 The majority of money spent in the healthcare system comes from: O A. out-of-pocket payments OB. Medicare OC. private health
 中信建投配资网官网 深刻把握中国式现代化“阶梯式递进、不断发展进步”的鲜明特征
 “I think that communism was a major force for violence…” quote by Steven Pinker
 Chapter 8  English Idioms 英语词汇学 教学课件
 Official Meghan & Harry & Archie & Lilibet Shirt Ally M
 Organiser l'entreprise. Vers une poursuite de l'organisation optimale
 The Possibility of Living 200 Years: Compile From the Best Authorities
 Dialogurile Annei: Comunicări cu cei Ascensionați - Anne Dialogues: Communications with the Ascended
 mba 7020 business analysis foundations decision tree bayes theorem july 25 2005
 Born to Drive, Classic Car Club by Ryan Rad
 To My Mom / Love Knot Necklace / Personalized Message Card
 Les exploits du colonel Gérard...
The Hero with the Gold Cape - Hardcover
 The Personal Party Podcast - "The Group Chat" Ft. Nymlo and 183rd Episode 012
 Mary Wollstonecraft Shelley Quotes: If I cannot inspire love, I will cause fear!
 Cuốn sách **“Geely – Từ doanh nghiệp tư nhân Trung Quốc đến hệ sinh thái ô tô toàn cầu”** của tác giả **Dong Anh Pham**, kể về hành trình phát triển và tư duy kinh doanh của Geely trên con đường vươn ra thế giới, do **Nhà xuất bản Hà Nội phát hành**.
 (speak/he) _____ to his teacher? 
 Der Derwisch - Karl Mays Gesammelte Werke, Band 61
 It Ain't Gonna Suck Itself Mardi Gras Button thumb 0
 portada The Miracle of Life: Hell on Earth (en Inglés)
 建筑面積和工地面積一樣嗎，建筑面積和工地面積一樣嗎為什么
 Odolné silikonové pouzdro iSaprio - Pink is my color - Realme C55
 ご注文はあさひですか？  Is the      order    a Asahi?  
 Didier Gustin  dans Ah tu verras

________________________

▶ ACTION ITEM
The required output is the exact run of lines from the beginning of the records to the line with "Organiser l'entreprise. Vers", that line included.

▶ RESPONSE AREA
 The majority of money spent in the healthcare system comes from: O A. out-of-pocket payments OB. Medicare OC. private health
 中信建投配资网官网 深刻把握中国式现代化“阶梯式递进、不断发展进步”的鲜明特征
 “I think that communism was a major force for violence…” quote by Steven Pinker
 Chapter 8  English Idioms 英语词汇学 教学课件
 Official Meghan & Harry & Archie & Lilibet Shirt Ally M
 Organiser l'entreprise. Vers une poursuite de l'organisation optimale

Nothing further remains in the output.